Friday, January 28, 2011

The One With The Comforting Presence

A few days ago, my sister in law who took her son for check-up in the hospital, sat next to a woman in the hospital's laboratory waiting lounge. The woman was quite friendly and dropped that she was sick, and mysister in law just didn't know what to say that will sound neither too sympathetic nor too blunt. I thought about it hard and came up with a few things that we should try not to say to a person with cancer. Hopefully, this will help all of us in those awkward moments.

  • "I know what you're feeling". This is probably the biggest mistake we could say. We don't know what they're feeling. So, instead of saying pretentious words that could lead to us hurting the feelings of the patient, just don't say anything. Silence is sometimes more comforting than words. 

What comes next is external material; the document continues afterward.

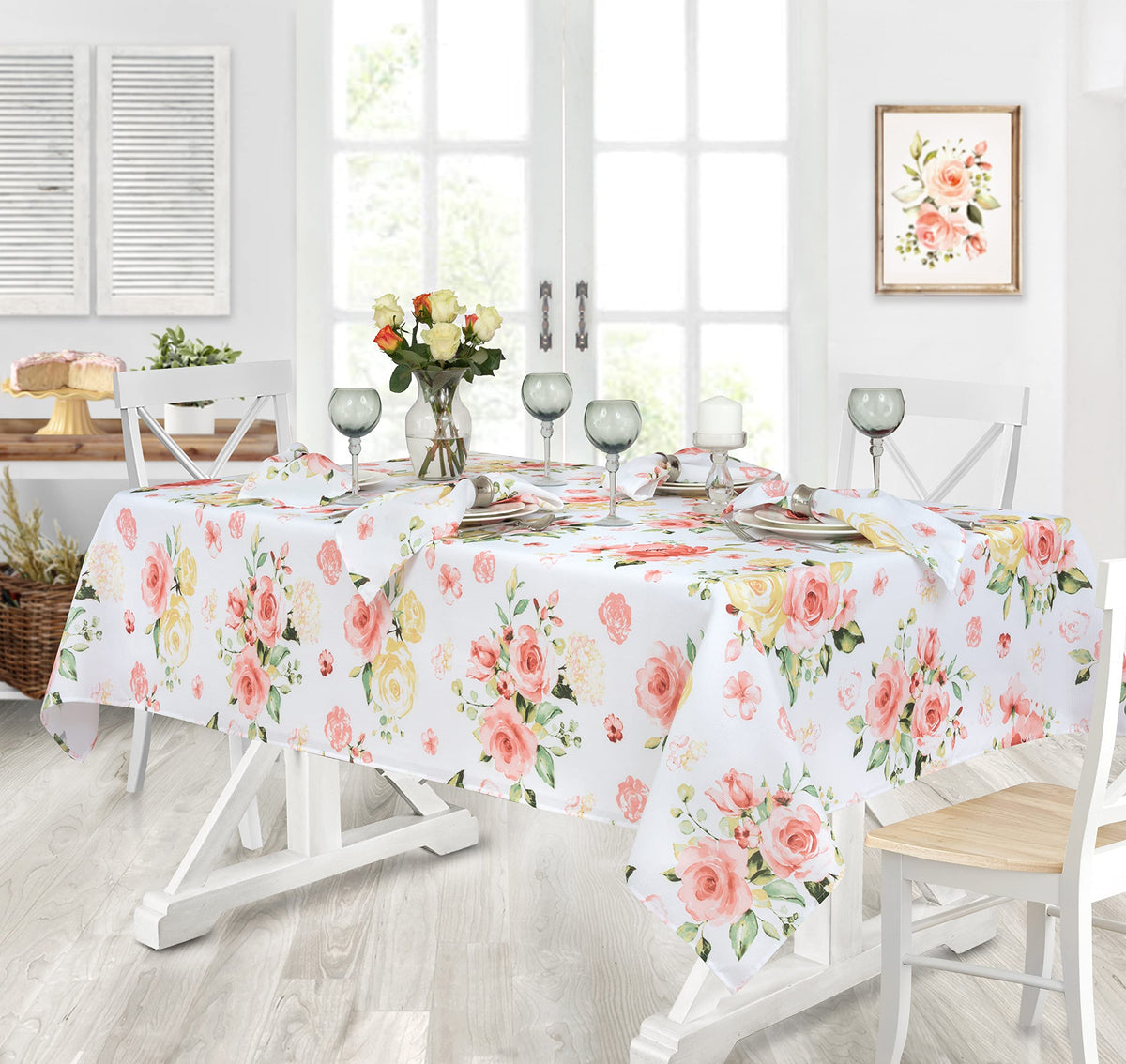 Newbridge Easter Marie Yellow And Pink Rose Petal Floral Square 52 X 52 Inch Fabric Tablecloth, Stain And Wrinkle Resistant Tabl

  • "It's OK, everything is going to be all right". Now that's another empty promise, and the patient knows it. Instead of offering false promises, just verbalize that you will always be there with the patient to offer your support and strength.

  • "You can make it". While that's raising determination in the patient, that could also encourage hope that may lead to disappointment. Maybe it would be better to ask the patient what he is feeling instead and what you can do to make him feel comfortable.

I believe that we don't always have to have the right words. In fact, we don't always have to say anything. Our presence is enough to let them know that we care and support them, and sometimes we don't have to say anything at all but just be right there beside them.